Correlation analysis of bacteria with EPS and SMP
Heat map of Spearman correlation coefficient between bacteria and EPS and SMP.
As found in the analysis of the SMP correlation chart (Figure 8), TOTALSMP, SMPPS, and SMPPN exhibited a strong positive correlation with Lentimircobium, Thauera, and Pseudomonas. They exhibited a strong negative correlation with Acinetobacter and a moderate negative correlation with the Azospirillum strains (Table S2). The results of the membrane fouling resistance analysis showed that the blockage of pores by SMP was the main reason for the significant increase in the rate of membrane fouling after Phase V. The strong correlation between some genera (Lentimircobium, Thauera, and Pseudomonas) and SMP, TMP, and MFR indicated the fundamental cause of the increase in the MFR.
CONCLUSION
In this study, we found that changes in salinity significantly affected the denitrification and carbon removal efficiencies, membrane fouling characteristics, and microbial community succession of the FB-MBR process.
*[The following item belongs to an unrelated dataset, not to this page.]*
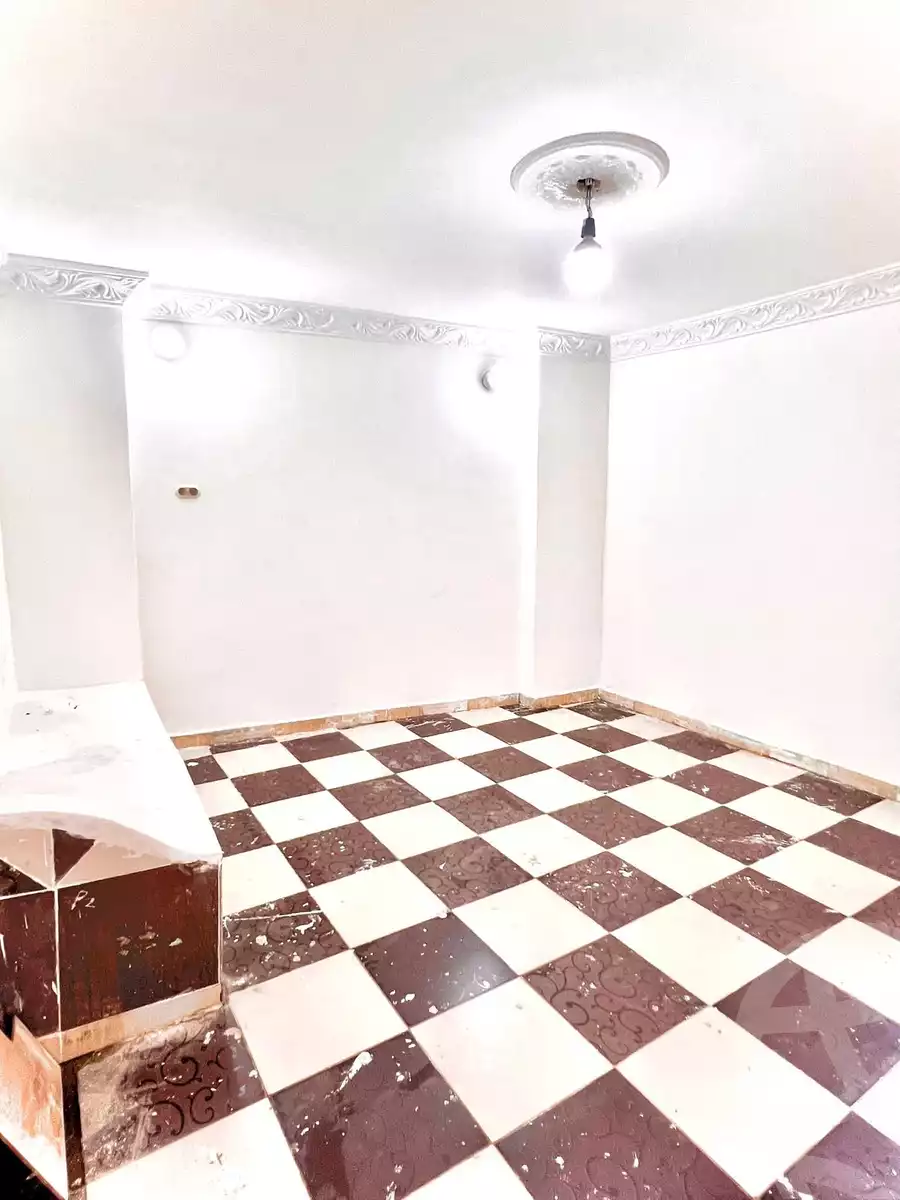 https://aqarmap.com.eg/ar/listing/6559491-for-sale-alexandria-l-jmy-lbytsh-el-hanafeya-st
The process showed high denitrification and carbon removal efficiencies at low salinity (0–10 g/L) but lower efficiencies at high salinity (10–30 g/L). The biofilm on the carriers maintained structural integrity by increasing the EPS content at the phases in which salinity was low, thus protecting the microbial living environment. Sponge filters kept the MFR at manageable levels when salinity was low. The increase in the SMP content due to high salinity was the main reason for an increase in the MFR. Changes in salinity resulted in frequent succession of the microbial community. This occurred because salt-sensitive, salt-tolerant, and halophilic microorganisms have different optimal salinity ranges, and their sensitivity to changes in salinity varies, which results in the continuous replacement of the dominant species. At the genus level, Lentimicrobium, Pseudomonas, and Thauera exhibited halotolerance to some extent. Azospirillum protected the carrier biofilm in this study. The strong correlation of Lentimicrobium, Pseudomonas, and Thauera with SMP indicated that they could induce an increase in the SMP content, thus promoting membrane fouling. Therefore, it is suggested that enrichment culture of Azospirillum and other potential bacteria that are beneficial to the structural integrity of biofilms in low-salinity environments, or the pretreatment of wastewater to reduce the salinity level, is expected to effectively alleviate membrane fouling caused by SMP. Our results showed that the microbial community succession at the high-salinity level is the main reason for the decrease in nitrogen and carbon removal efficiencies and the acceleration of MFR in the FB-MBR process. We examined the correlations behind these three phenomena and obtained valuable information that might contribute to enhancing the efficacy of the FB-MBR system in treating saline wastewater.
DATA AVAILABILITY STATEMENT
All relevant data are included in the paper or its Supplementary Information.
CONFLICT OF INTEREST
The authors declare there is no conflict.